Those interested in China, particularly on a foreign policy front, have likely noticed a burgeoning debate in the United States over how best to deal with China’s “assertive” behavior in the South China Sea, cyber space, and elsewhere. Today’s links round-up pulls together the various pieces of the debate, which will have enormous consequences for the Asia-Pacific and the world.
The long-simmering debate heated up when Robert Blackwill and Ashley Tellis argued in a new report that “Washington needs a new grand strategy toward China that centers on balancing the rise of Chinese power rather than continuing to assist its ascendancy.” Blackwill and Tellis summed up their 54-page report in an April 2015 article for the National Interest. The crux of their argument is that Washington’s attempts to integrate China into the international order have damaged U.S. interests — instead, the United States should seek to balance China (they are careful to avoid arguing for outright containment), for example by strengthening regional alliances.
We can see this idea in action in calls for the United States to respond more forcefully to China’s land reclamation activities in the South China Sea.
Offering a different perspective, former Australian Prime Minister Kevin Rudd released his own report, arguing that the United States and China can best avoid conflict by “placing their relationship on a stable, long-term footing.” Rather than seeking to balance China, Rudd argues, the United States should increase its effort to work with China to create a common vision of the Asia-Pacific region and the world – a vision based on “constructive realism” in areas where the two sides are fundamentally at odds (for example, the Taiwan question, the issue of human rights, and the South China Sea disputes).
David M. Lampton, the director of China studies at the Johns Hopkins School of Advanced International Studies, echoes Rudd, but with more focus on how U.S.-China relations are currently going off the rails. In a speech on May 6, 2015, Lampton points to a “tipping point in U.S.-China relations”: “Our respective fears are nearer to outweighing our hopes than at any time since normalization.” Lampton’s suggestion: accommodation on the part of the United States and reassurance on the part of China. “The words ‘accommodation’ or ‘compromise’ in either China or the United States should not be dirty words,” he argues.

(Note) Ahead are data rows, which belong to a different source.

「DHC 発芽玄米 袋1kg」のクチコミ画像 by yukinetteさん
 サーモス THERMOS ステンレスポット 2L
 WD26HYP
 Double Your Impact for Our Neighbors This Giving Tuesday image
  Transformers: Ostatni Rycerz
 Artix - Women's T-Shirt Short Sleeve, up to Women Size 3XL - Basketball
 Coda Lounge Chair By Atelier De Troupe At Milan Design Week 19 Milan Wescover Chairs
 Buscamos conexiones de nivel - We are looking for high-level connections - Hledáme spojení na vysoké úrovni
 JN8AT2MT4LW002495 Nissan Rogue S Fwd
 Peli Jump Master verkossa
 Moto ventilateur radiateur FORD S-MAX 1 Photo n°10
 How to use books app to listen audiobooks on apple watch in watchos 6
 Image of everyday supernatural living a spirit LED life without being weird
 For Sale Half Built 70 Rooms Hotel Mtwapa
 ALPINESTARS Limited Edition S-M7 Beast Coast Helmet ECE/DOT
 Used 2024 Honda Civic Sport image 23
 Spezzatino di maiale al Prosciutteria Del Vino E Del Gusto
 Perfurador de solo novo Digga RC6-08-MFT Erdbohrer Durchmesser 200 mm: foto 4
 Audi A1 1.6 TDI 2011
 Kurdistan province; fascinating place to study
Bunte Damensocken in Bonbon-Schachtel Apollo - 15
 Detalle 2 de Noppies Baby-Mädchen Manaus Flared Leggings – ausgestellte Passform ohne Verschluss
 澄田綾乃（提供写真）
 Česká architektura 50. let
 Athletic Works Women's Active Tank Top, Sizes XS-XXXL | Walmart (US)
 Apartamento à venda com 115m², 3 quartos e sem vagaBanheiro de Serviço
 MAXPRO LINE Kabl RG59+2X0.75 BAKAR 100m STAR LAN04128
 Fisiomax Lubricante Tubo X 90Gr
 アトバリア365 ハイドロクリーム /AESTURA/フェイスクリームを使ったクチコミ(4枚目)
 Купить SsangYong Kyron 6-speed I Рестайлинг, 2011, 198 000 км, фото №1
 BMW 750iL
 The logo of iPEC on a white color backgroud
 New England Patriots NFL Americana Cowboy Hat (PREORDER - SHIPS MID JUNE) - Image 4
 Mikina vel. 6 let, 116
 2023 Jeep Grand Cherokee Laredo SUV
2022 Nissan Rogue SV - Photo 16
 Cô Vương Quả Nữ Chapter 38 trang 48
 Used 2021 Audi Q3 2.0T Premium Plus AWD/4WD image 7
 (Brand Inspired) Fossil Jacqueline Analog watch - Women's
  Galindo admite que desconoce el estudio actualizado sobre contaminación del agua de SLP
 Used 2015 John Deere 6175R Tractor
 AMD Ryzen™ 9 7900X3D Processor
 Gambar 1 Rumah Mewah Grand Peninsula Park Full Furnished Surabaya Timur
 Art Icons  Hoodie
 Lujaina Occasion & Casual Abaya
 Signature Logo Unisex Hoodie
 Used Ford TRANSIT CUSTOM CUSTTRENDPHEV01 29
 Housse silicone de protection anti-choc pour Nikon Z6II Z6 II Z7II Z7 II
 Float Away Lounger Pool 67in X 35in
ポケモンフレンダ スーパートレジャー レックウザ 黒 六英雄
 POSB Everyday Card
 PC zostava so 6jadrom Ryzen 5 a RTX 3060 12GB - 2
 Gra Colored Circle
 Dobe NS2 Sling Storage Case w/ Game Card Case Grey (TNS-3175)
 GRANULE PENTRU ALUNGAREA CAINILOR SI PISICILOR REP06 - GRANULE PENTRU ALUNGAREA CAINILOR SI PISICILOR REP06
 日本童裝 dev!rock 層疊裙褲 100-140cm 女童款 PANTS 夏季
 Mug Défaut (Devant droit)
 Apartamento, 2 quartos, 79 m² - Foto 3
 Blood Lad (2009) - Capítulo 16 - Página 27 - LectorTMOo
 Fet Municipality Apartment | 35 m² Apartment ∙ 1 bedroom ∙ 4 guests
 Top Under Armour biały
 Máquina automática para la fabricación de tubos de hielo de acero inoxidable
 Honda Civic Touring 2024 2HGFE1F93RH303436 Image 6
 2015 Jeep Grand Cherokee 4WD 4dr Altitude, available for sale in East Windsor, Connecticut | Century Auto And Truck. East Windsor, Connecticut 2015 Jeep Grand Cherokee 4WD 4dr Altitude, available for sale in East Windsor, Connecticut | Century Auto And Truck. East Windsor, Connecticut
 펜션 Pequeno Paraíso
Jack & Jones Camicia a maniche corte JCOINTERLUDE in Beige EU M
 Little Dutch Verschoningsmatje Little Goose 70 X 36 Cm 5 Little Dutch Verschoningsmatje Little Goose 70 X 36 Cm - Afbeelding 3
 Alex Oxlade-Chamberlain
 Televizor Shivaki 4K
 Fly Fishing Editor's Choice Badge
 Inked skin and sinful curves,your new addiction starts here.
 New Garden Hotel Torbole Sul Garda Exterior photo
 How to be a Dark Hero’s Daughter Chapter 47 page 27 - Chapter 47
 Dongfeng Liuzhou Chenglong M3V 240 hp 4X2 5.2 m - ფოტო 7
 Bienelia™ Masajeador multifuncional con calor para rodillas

Lampton’s speech pairs nicely with a ChinaFile essay by Orville Schell, the director of the Center on U.S.-China Relations at the Asia Society. Schell also sees a worrisome change toward pessimism and distrust in the relationship. Most shocking, Schell writes, is that “there is presently no significant core constituency in America still well-disposed towards China” – not even the businessmen who were once the most enthusiastic champions of U.S.-China ties.
In an example of the personal consequences of eroding U.S.-China relations, the New York Times covers the story of Sherry Chen, a Chinese-American who worked for the National Weather Service before being accused of espionage. The charges, based on Chen’s interaction with an old classmate who is now a vice minister in China were abruptly dropped, without explanation. In Chen’s case, “it’s clear there was a little bit of Red Scare and racism involved,” former federal prosecutor Peter Toren told the Times.